Perhaps it is because I am not holding anyone’s arm when I sift through papers. When I sit at my desk, I am doing my job and not being a human. I write nice stories about how I helped put a pimp in jail and not stories about how his victims still can’t sleep at night. I do not want to see people in their moment of grief because I am afraid that their ability to be vulnerable will render me sensitive to my own humanness. I am afraid it will prompt me to cry. If I let one person in, will all the walls come crumbling down? Will letting them in make it impossible to do what I do?
I am going through hundreds of pictures on a seized computer to put together exhibits for an upcoming trial and I am quickly locating pictures of one of the victims and printing them with a hurried, matter of fact manner. If I finish this before 4:30, I can go home early. Then, I open a file and it’s a picture of a woman holding a baby. It’s sepia toned and she’s wearing shorts, a t-shirt, and tossing her hair back, and the baby is crying. Half of the picture is ceiling and legs, but I’m frozen as I look at it because I see people. I do not see “evidence” or victims whose names we initial until I only remember them as the alphabet. There’s a raw spontaneity and innocence to the picture, mixed in amongst graphic pictures of exploited women. I could be looking at anyone’s family in that moment.

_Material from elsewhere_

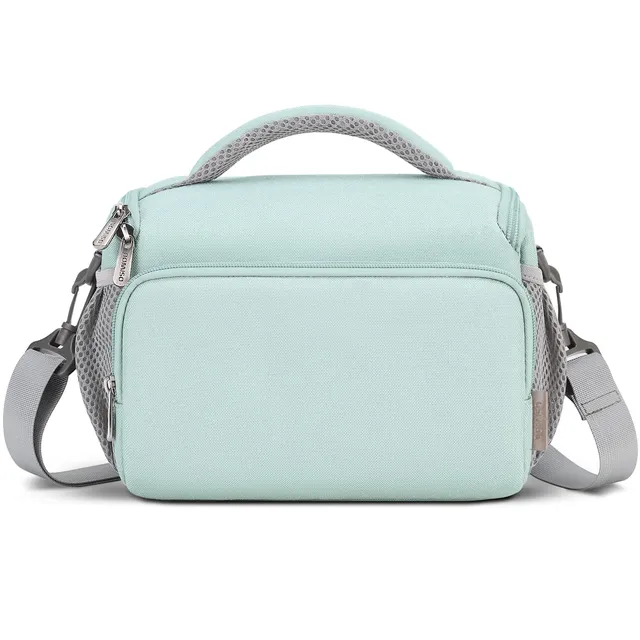DOMISO DSLR Camera Bag borsa fotocamera verde menta impermeabile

Everyone wants nice stories. That’s why Nicholas Kristof created a formula for writing articles to make people care: We want to “be cheered up with positive stories of success and transformation.” We want a superficial picture of what the world is really like. No one wants to feel the pain; they want to give $20 and move on. On the days we can’t give $20 and move on, we are faced with something more troubling and that is what I face today: heartbreak. I am not hopeless… just heart broken that I’ve put myself in a glass box with one round hole for me to stick my arm out and reach other people, even as I beg them not to crack the glass and come inside.